Scratch nodded toward the bar. “Because I got a hunch that no matter what you said, he’d be down on his knees behind that bar right now, lappin’ up those puddles of who-hit-John like a dog!”
News of the shoot-out spread like wildfire from one end of Mankiller to the other. In less than twenty-four hours as deputies, the Texans had killed seven men, wounded another, and arrested three members of the most powerful family in town, plus the shoot-out Scratch had had with the bushwhackers at the hotel. People couldn’t stop talking about how the new lawmen were going to either clean up Mankiller at last…
Or be dead before they had a chance to do anything else.
When they got back to the sheriff’s office, Biscuits O’Brien was still asleep on the cot in the back room. Bo and Scratch got him up and forced him to drink black coffee until he was reasonably awake, if not sober. He refused to reveal where he’d had the extra bottle of whiskey hidden. Short of beating it out of him, the Texans didn’t know what else to do.
Reuben and Simeon yelled complaints from the cell block, but Bo and Scratch ignored them. Bo left Scratch there to keep an eye on things and went to pay a visit to Edgar Devery.
“You need to come down to the jail,” Bo began, and when Edgar started to shake his head, he went on, “Hear me out. Your boy Thad’s in a bad way.”
“Is that wound in his arm festerin’ up?” Edgar asked with obvious concern in his voice. “Dang you, Deputy—”
“His arm’s fine,” Bo cut in. “But he messed himself last night, and he needs some clean clothes.”
“That ain’t my responsibility.”
“He’s your son, and nobody else is going to take care of him.”
“His sister will,” Edgar said with a scowl.
“His sister? You’d send a man’s sister in to help him clean up after something like that?” Bo didn’t bother trying to keep the contempt out of his voice. “What kind of man are you, Edgar?”
“All right, all right, damn it! Quit pesterin’ me. I’ll go up to the house and get him some clean clothes, then I’ll be down to the jail after a while.”
“Thanks,” Bo said. “And I’m sure Thad will be grateful to you, too.”
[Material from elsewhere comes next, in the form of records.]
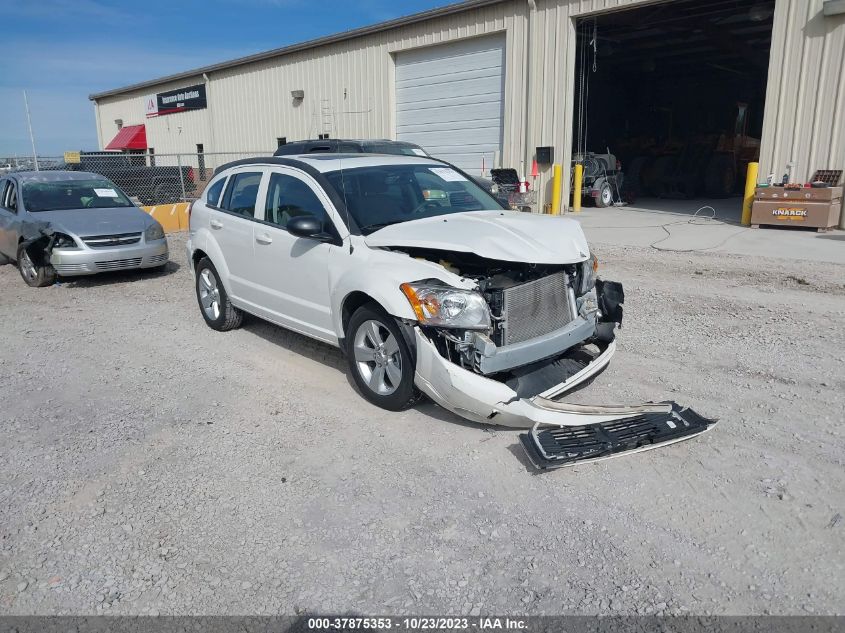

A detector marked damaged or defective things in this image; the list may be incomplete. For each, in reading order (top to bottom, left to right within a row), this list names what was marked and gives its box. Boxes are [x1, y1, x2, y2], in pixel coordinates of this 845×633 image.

crumpled hood [29, 207, 152, 237]
broken headlight [145, 222, 165, 242]
crumpled hood [366, 211, 592, 262]
broken headlight [576, 253, 596, 296]
broken headlight [400, 282, 492, 330]
damaged white car [186, 156, 712, 466]
damaged front end [394, 249, 712, 466]
detached front bumper [412, 328, 716, 466]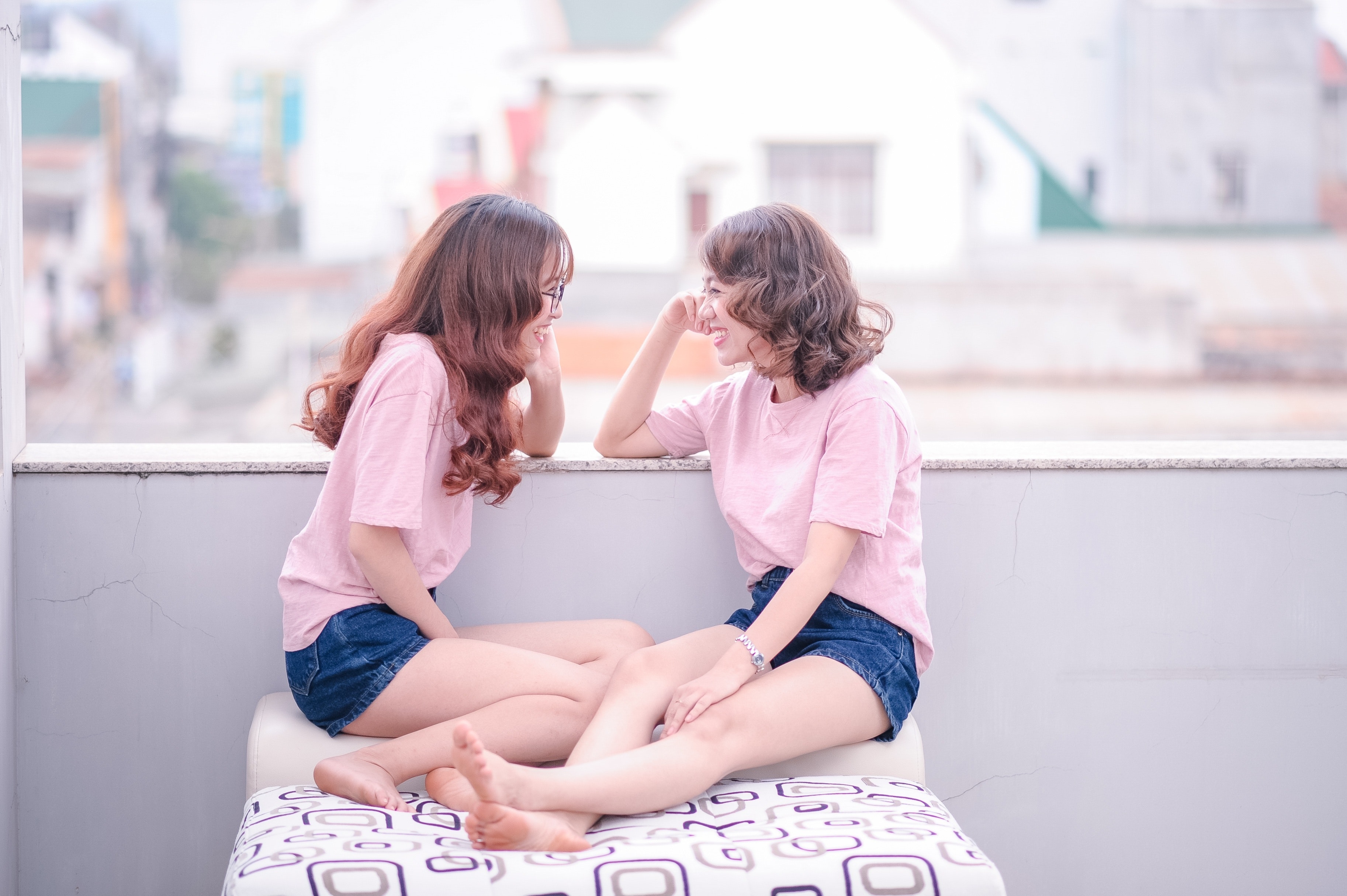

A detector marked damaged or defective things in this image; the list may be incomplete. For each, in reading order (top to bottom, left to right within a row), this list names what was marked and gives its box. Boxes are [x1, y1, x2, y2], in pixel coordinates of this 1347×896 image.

cracked wall surface [10, 463, 1347, 889]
“I wouldn’t count on it. Boy’s as mean and surly as a bear with a toothache.”
“I didn’t know you had a daughter,” Bo commented. “In fact, I haven’t seen any female Deverys.”
“Yeah. Name’s Myra. She don’t come out much. Mostly she stays in her room on the second floor.” Edgar tapped the side of his head. “Poor gal ain’t quite right. She’d rather be shut up readin’ books and such-like. Seems sort of embarrassed about bein’ a member of the family.”
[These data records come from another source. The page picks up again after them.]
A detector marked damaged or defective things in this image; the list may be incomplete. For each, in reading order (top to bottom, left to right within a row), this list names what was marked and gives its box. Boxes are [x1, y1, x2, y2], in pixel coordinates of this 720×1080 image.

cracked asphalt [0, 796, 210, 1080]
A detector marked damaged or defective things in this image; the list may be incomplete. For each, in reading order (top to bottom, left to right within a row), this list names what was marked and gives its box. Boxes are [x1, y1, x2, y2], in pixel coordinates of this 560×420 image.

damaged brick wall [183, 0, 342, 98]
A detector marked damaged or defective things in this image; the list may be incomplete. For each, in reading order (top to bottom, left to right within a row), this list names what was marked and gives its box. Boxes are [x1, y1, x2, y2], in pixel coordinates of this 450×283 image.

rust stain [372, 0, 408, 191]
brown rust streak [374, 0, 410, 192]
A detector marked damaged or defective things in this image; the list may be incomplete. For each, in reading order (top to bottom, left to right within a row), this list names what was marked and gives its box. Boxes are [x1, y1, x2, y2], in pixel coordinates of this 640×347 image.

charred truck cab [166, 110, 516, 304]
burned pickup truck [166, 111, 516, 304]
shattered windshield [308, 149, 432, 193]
From what he had seen of them so far, Bo would have said that Myra Devery might just be the sanest one of them all, if she felt like that.
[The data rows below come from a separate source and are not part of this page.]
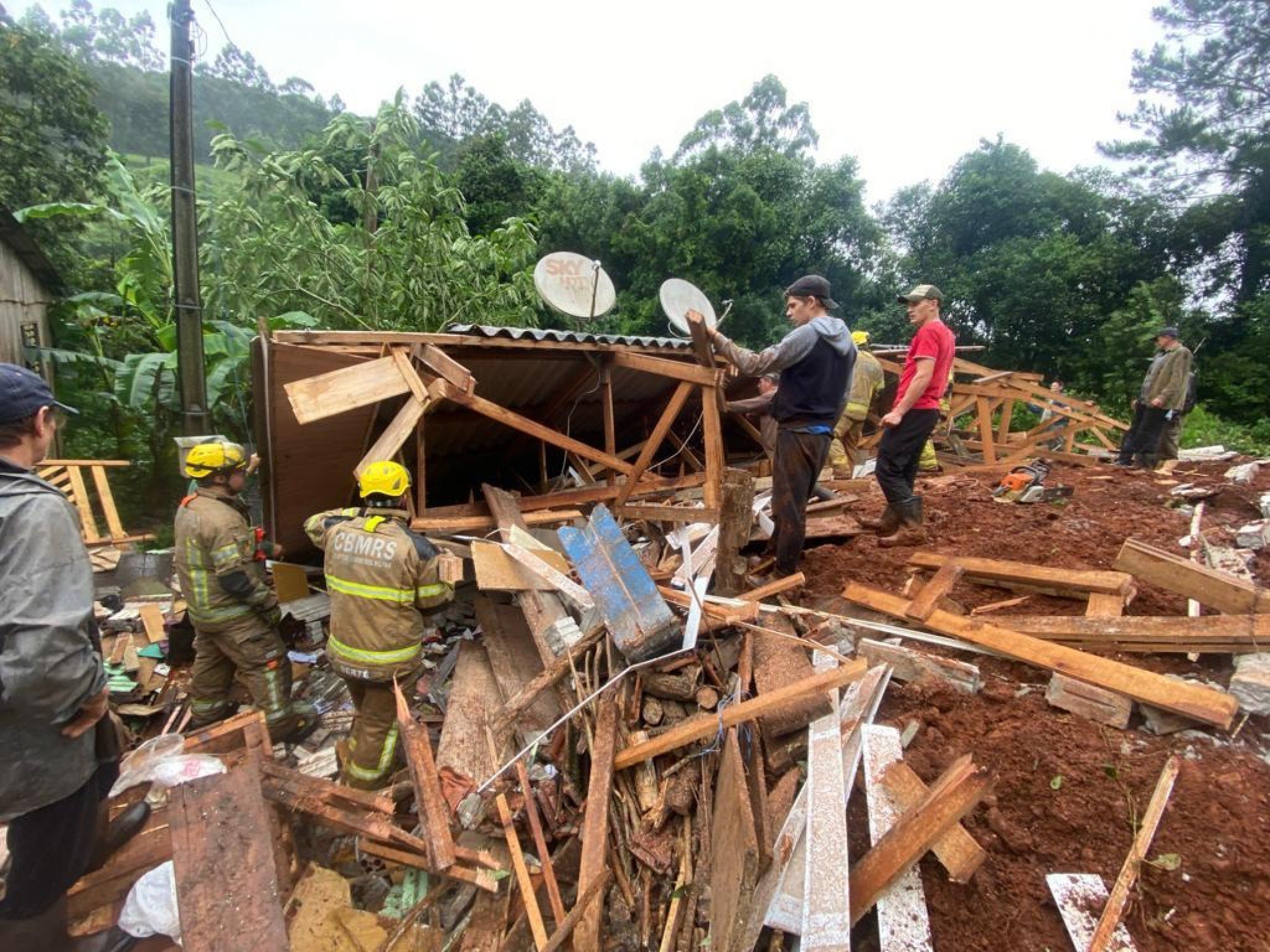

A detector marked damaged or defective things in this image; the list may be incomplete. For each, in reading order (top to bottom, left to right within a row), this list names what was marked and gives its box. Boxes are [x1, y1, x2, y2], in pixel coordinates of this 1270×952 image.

broken wooden plank [284, 355, 411, 424]
broken wooden plank [169, 762, 286, 952]
broken wooden plank [396, 680, 462, 878]
broken wooden plank [576, 695, 619, 952]
broken wooden plank [561, 508, 685, 665]
broken wooden plank [711, 731, 756, 952]
broken wooden plank [617, 665, 873, 777]
broken wooden plank [802, 655, 853, 952]
broken wooden plank [863, 726, 934, 949]
broken wooden plank [858, 642, 985, 695]
broken wooden plank [853, 756, 990, 929]
broken wooden plank [909, 563, 965, 622]
broken wooden plank [909, 551, 1137, 596]
broken wooden plank [843, 581, 1239, 731]
broken wooden plank [1046, 670, 1137, 731]
broken wooden plank [1046, 878, 1137, 952]
broken wooden plank [1087, 751, 1183, 952]
broken wooden plank [1112, 541, 1270, 614]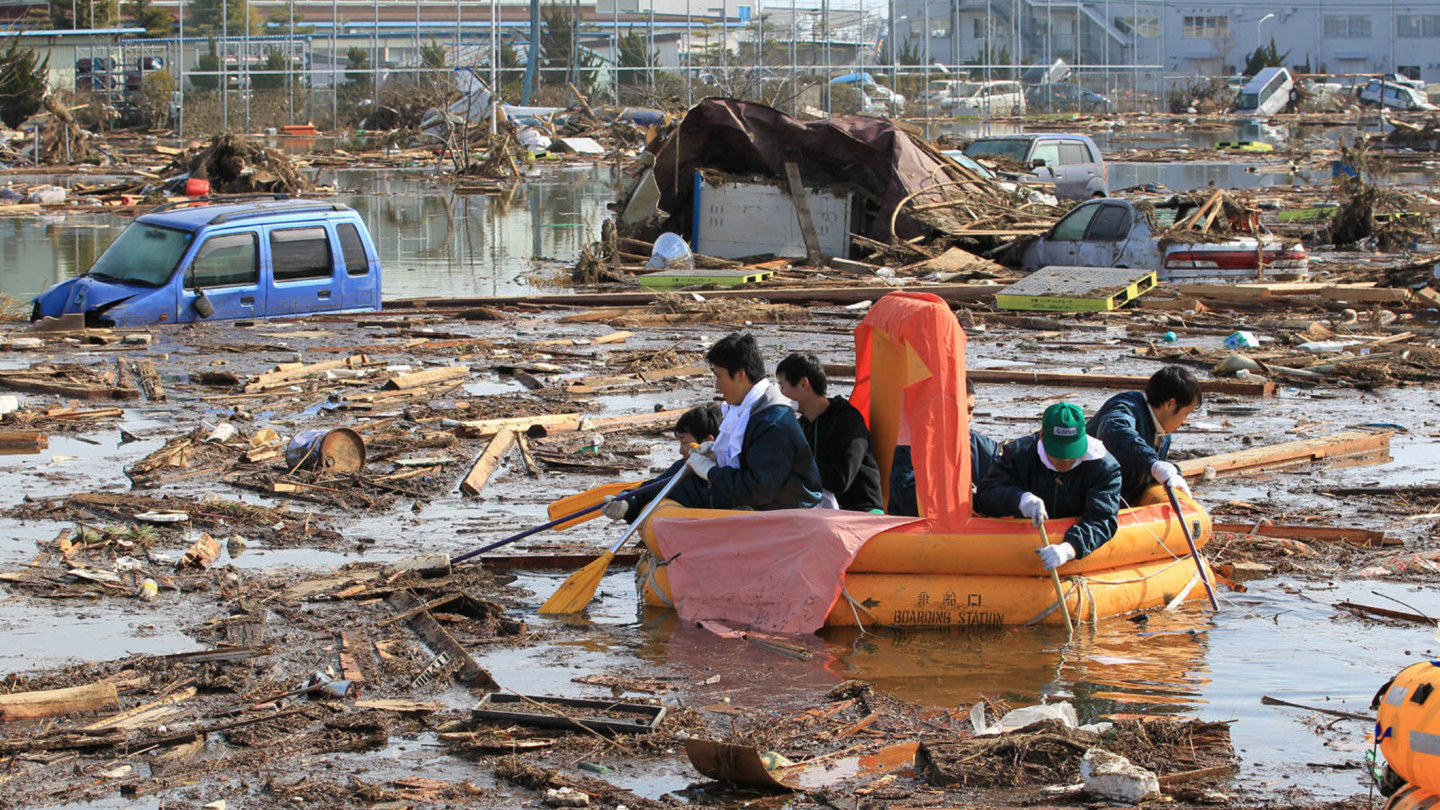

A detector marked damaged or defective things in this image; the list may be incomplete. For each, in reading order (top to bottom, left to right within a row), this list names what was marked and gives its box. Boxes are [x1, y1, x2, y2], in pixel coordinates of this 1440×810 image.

broken timber [1175, 432, 1388, 475]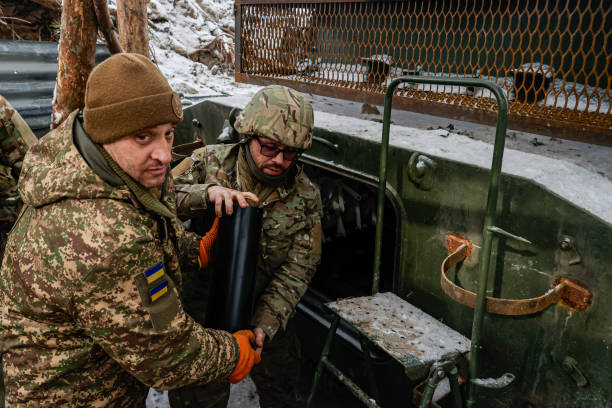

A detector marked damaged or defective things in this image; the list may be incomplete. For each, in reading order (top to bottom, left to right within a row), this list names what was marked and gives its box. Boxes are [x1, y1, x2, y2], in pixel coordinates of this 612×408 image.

He wasn’t sure if Edgar would live up to his promise or not, but true to his word, the liveryman showed up at the jail that afternoon with some clean clothes, a handful of rags, and a bucket of water. Scratch patted him down to make sure he wasn’t trying to smuggle a weapon to the prisoners, then they let him go into the cell block. Scratch unlocked Thad’s cell and then relocked the door behind Edgar. When the liveryman called to be let out half an hour later, he said, “Ought to smell better in there now.”
“We can dang sure hope so,” Scratch said.
The one drawback to having Edgar come in and help Thad clean up was that he got to take a good look at the jail and its defenses, such as they were. Bo still expected an attempt to free the prisoners, maybe as soon as that night.
However, the night passed quietly. The Texans took turns sleeping and standing guard, just as they had taken turns going across the street to the café for meals. Lucinda reported how everybody was talking about them and how there was a sense of law and order growing suddenly in Mankiller that the citizens had never experienced before.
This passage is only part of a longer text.